She wondered if a whole summer away from Montreal—and Frank—would be bearable. Sending letters through the mail, as they did, was risky. Scott’s letters at McGill were routinely opened by wartime censors, and Pat’s family were unaware of the depth of their relationship. She arranged with a friend for Scott to send his letters to her and asked that he include a photograph as she couldn’t remember what he looked like at the station. As she told him in a letter soon after her arrival in Halifax, "I felt so ill and used all my strength in refraining from flinging myself at you, with the result that I remember only a strong light and heat and our shaking hands . . . Altogether whichever way I look I know you’re the biggest thing that ever happened to me."

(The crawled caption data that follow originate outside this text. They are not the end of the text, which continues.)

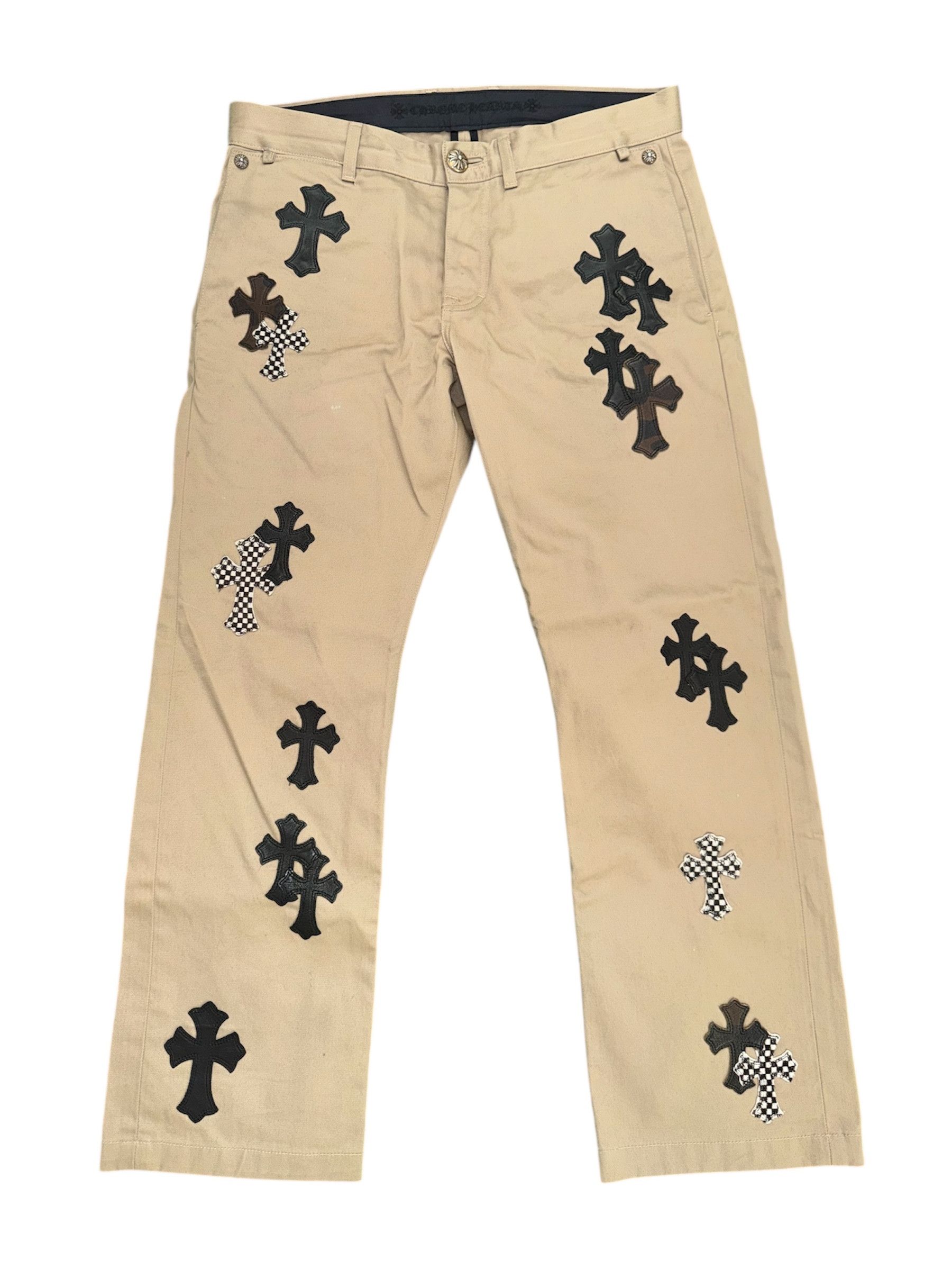 Chrome Hearts Tan Cross Patch Chinos Size US 34 / EU 50 - 1 Thumbnail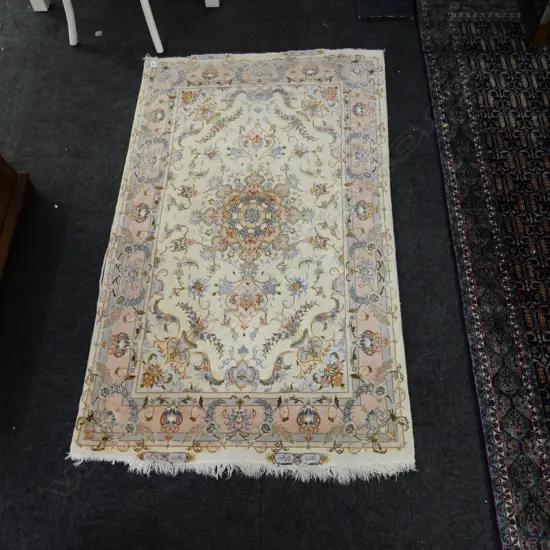 FINE PERSIAN RUG SILK HIGHLIGHTS BLUE CREAM & PINK  signed, fringe with some loss 1680 x 1000mm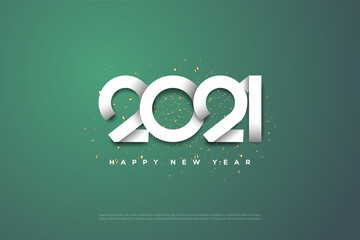 2021 happy new year with white numbers on a green background.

Although she went through the motions of visiting old friends and even made some new ones, at the end of June she wrote to him saying that there was "no road back to the old life:" "Do I cut you out of me with a scalpel & pretend you never existed? I begin to think love is a bad thing. It doesn’t make you strong. I seem to be going through some dreadful crisis that is worse than anything yet." Ten days later she wrote: "Somehow I must learn the dreadful lesson of independence. But once learned then what? Is it possible for any relationship to exist between two complete independent people?"

Her spirits took a lift in late June when she received a first draft of Scott’s poem "Windfall," telling her that he, too, was suffering:
 
Until this poem is over, I shall not leave 
This leaf, held like the heartache in my hand . . .
This small complete and perfect thing 
Cut off from wholeness is my heart’s suffering.

Scott was grieving, but he had the great advantage of a political career that allowed him to throw himself into external activities. In June 1944 the CCF had just won an enormous victory in Saskatchewan and, as one of Premier Tommy Douglas’s advisers, Scott was much involved in the installation of the new government. The CCF was ranking high in popular polls, and it seemed to have a good chance of forming the next national government.

Pat did not have this kind of release. Her father and brother were caught up in the war, in the struggle to hold the North Atlantic. But for the women at home—Pat, her mother, and Aunt Bibbi—the sphere was domestic. And Halifax society was just as stifling as she remembered. In mid-July she wrote to Jori Smith saying that her summer had been unproductive and that she felt like a "veteran limpet searching for a rock with no success." It seemed to her that Halifax life was a kind of society circus with "highly trained seals . . . dogs & fleas." She was desperate: "What possible solution is there for the 'likes of us'? One dreams of a place as you say where people live honestly & freely but I can’t really believe in it. The only true reality is work but at the moment the ink becomes rusted in my pen."